Replacement scheme of insufficient quality to justify harm to heritage assets

A mixed use redevelopment of locally listed buildings in central London was refused for less than substantial harm to heritage assets not outweighed by the benefits of the replacement scheme in terms of its quality or social and economic considerations. The proposal comprised office and retail floorspace and four residential units and open space.

The only issue for consideration was the impact of the proposal on the surrounding conservation area, adjacent grade II listed church and the loss of the Arts and Crafts style locally listed buildings themselves. The inspector held that in isolation the buildings were not remarkable but they did contribute positively to the character of the conservation area and reflected its speculative build history. She also felt the adjacent listed non-conformist church stood out as a prominent and important building and part of the area’s social and physical history.
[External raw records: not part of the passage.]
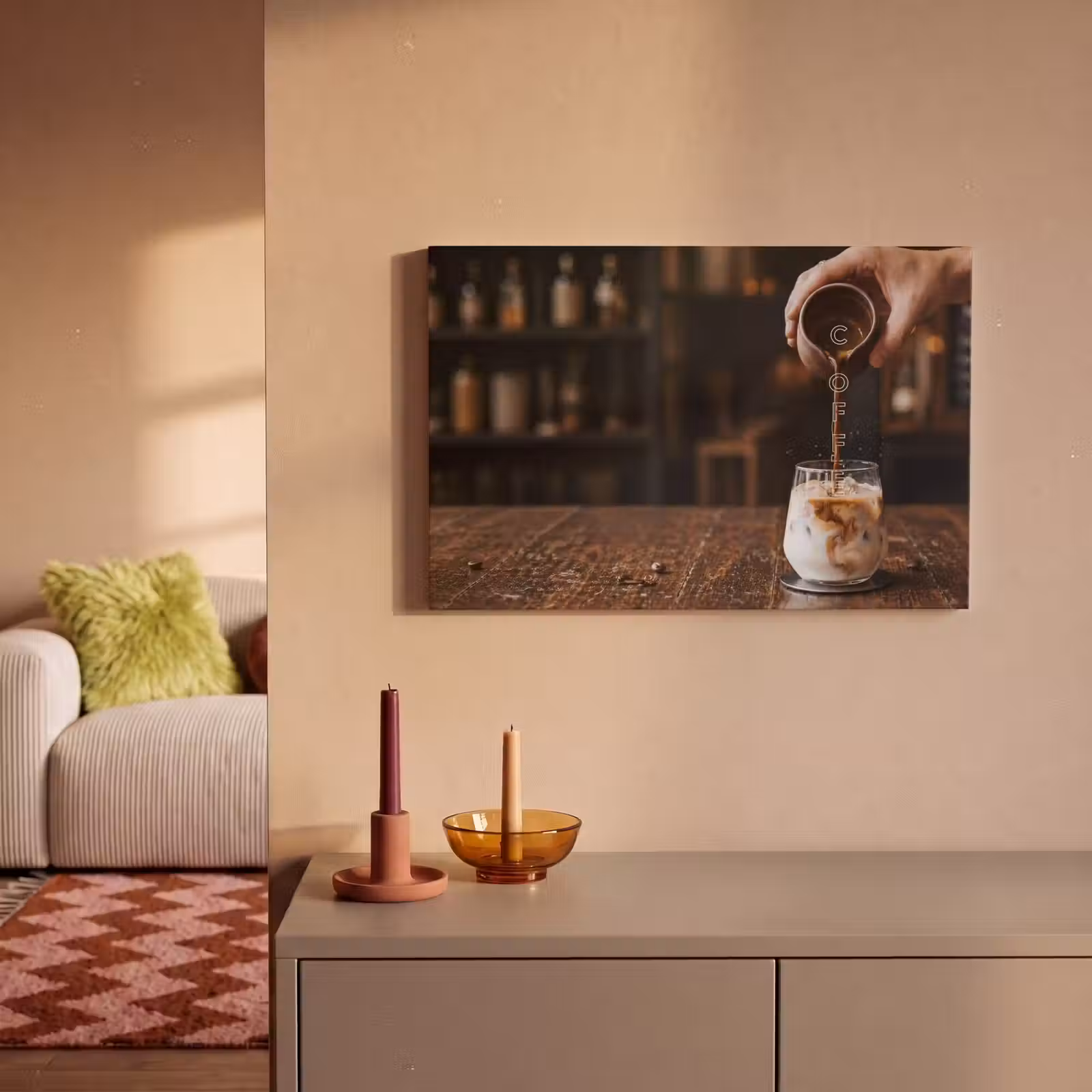 Canvas schilderij - Espresso - Melk - Café — 1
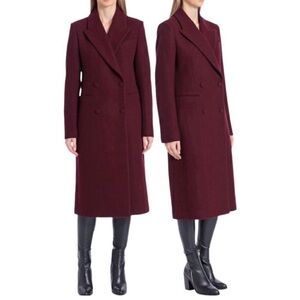 Avec Les Filles Double-Breasted Coat Merlot/Burgundy
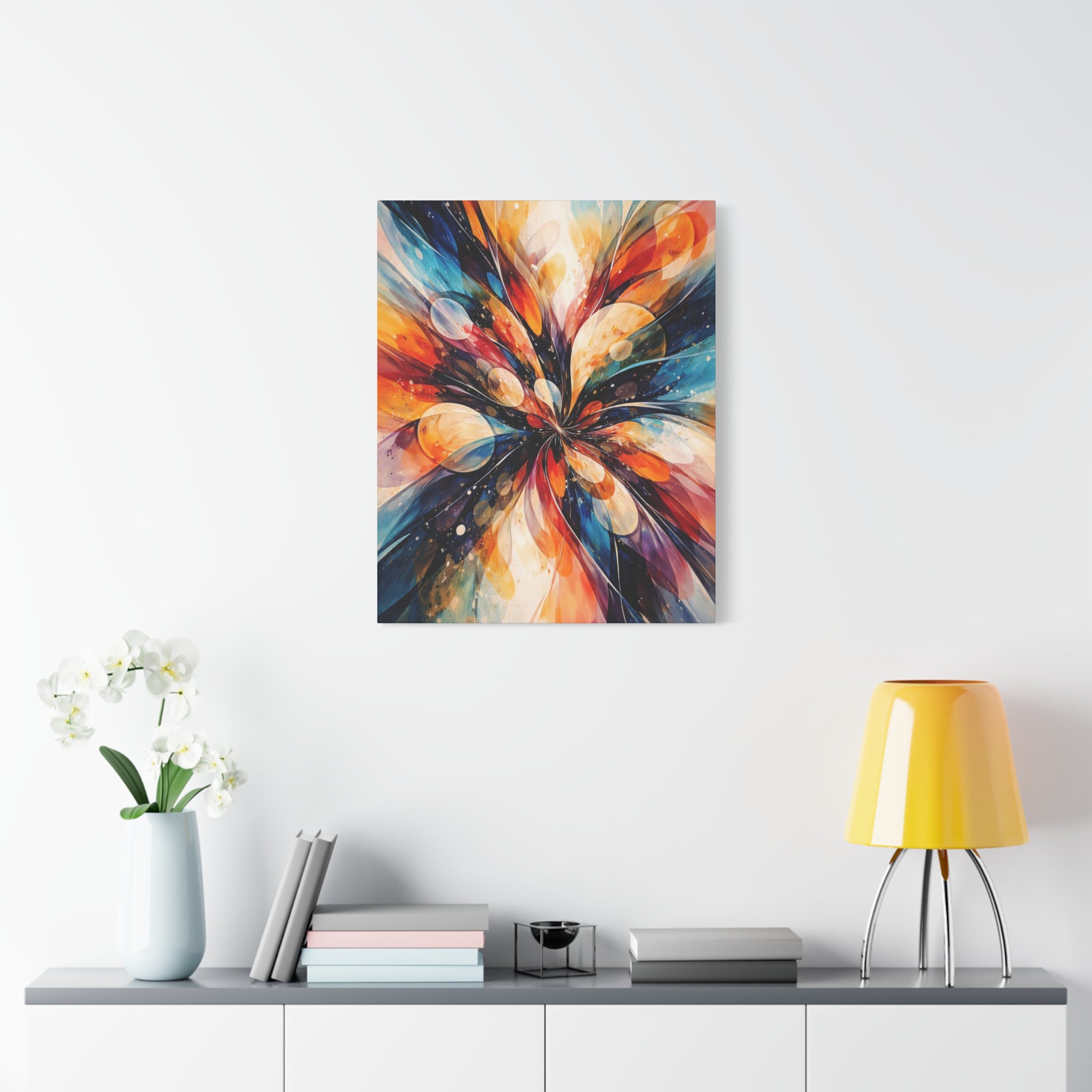 Colorful Abstract Wall Art Canvas – Modern Vibrant Home Decor Painting - Matte Canvas Stretched, 1.25"
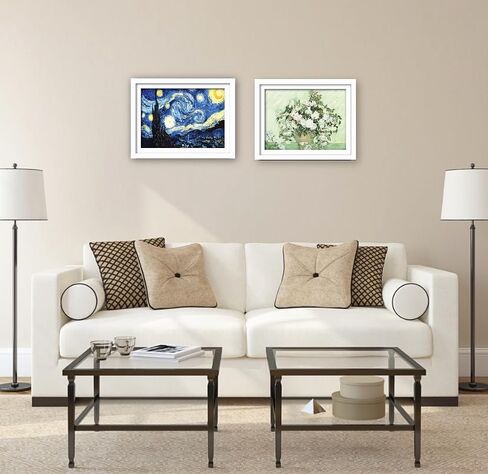 NIHO-JIUMA Diamond Painting Pine Frame, Suitable For 12x16 Inches/30x40 Centimeters Diamond Art Or Oil Painting Photos, Acrylic Frame (2 Packs, White) in Saudi Arabia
She concluded that the demolition of the locally listed buildings would be a notable and regrettable loss of non-designated heritage assets which made a positive contribution to the significance of the conservation area. The loss of these buildings would also be harmful to the conservation area and would adversely affect the setting of the listed church. These harms would be compounded by the excessive height, bulk and mass of the proposed replacement building and the introduction of a public open space which would be harmful to the tightly defined setting of the church. Consequently, she concluded the heritage assets would be neither preserved nor enhanced and the public benefits of the scheme, including office floorspace and housing, were insufficient to overcome the harms.